**Problem description**
Each line from the start of the entries through the line that contains "LA SEMAINE DES ORAGES" should be output exactly, please.

**Short web captions**
----------
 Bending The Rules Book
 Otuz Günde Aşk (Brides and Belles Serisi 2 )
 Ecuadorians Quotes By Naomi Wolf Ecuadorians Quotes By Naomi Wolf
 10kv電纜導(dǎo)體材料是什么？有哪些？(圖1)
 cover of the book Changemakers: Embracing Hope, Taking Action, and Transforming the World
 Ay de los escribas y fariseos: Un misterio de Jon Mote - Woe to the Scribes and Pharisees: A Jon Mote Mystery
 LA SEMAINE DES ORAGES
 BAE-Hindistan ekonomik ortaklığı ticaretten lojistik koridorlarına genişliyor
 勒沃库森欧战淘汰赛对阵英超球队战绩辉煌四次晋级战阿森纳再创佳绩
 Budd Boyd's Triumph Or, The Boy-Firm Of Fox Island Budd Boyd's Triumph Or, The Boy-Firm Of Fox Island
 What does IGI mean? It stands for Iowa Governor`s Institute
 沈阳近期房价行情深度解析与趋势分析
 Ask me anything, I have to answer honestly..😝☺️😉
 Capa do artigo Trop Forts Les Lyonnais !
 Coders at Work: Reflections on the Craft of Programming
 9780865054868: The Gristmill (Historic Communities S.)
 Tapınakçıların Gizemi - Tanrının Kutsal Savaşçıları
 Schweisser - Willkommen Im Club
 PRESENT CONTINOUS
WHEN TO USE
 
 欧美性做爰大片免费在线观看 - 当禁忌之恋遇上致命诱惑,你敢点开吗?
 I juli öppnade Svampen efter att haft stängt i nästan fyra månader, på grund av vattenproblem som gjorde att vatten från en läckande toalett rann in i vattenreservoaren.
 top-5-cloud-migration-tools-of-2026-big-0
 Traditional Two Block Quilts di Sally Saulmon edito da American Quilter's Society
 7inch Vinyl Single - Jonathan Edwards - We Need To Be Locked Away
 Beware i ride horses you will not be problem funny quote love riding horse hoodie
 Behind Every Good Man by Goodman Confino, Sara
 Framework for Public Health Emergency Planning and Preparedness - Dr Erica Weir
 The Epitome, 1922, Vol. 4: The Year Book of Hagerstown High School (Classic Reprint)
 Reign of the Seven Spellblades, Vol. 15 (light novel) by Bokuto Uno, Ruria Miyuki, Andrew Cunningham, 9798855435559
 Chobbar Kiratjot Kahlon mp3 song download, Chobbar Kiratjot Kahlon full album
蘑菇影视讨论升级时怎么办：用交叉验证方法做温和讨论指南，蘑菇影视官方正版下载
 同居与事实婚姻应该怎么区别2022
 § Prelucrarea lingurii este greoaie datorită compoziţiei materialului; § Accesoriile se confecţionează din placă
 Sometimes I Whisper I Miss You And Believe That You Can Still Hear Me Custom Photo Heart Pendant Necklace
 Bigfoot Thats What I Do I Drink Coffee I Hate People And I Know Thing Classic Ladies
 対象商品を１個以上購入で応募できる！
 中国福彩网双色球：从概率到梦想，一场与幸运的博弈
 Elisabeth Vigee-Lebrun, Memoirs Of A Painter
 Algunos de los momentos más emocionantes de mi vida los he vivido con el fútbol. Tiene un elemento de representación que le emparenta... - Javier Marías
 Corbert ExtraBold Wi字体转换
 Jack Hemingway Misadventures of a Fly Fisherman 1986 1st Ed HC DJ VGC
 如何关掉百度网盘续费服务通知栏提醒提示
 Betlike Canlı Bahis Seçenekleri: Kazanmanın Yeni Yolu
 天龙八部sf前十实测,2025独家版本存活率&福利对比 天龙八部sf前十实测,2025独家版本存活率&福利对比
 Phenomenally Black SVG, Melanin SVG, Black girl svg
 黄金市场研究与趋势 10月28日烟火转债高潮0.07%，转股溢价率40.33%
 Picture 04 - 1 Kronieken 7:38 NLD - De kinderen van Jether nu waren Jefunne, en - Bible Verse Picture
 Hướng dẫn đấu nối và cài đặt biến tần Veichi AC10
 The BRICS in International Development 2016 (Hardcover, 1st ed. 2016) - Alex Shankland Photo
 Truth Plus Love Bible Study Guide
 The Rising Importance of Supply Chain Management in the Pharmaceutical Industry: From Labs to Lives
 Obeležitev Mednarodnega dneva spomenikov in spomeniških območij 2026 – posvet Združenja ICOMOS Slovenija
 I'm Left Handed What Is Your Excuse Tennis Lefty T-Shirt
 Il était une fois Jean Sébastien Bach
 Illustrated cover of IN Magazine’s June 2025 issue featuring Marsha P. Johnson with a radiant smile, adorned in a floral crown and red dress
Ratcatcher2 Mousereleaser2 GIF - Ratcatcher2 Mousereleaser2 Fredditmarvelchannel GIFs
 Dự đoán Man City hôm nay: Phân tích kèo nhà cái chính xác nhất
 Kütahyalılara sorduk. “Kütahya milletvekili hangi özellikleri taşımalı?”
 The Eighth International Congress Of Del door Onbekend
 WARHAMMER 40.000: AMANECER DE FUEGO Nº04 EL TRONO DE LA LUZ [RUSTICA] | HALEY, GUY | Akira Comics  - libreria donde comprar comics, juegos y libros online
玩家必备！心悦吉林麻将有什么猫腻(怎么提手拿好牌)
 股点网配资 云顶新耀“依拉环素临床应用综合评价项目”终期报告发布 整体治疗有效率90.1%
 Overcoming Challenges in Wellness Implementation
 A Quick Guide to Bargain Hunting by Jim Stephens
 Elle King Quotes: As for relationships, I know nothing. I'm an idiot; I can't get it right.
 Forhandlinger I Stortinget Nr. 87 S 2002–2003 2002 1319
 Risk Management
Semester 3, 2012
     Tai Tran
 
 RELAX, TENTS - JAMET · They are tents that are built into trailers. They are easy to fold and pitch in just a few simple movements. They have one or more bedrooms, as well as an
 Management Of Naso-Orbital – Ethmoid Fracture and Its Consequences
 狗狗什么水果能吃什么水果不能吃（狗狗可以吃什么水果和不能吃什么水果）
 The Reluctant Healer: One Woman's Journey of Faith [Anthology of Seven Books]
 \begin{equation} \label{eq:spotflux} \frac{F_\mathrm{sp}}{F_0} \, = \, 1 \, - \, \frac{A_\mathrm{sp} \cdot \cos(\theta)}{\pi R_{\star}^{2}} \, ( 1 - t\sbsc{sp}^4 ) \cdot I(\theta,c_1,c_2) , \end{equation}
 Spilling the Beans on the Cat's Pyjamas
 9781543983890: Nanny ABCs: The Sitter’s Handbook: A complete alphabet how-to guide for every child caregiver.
----------
**The completed task**
 Bending The Rules Book
 Otuz Günde Aşk (Brides and Belles Serisi 2 )
 Ecuadorians Quotes By Naomi Wolf Ecuadorians Quotes By Naomi Wolf
 10kv電纜導(dǎo)體材料是什么？有哪些？(圖1)
 cover of the book Changemakers: Embracing Hope, Taking Action, and Transforming the World
 Ay de los escribas y fariseos: Un misterio de Jon Mote - Woe to the Scribes and Pharisees: A Jon Mote Mystery
 LA SEMAINE DES ORAGES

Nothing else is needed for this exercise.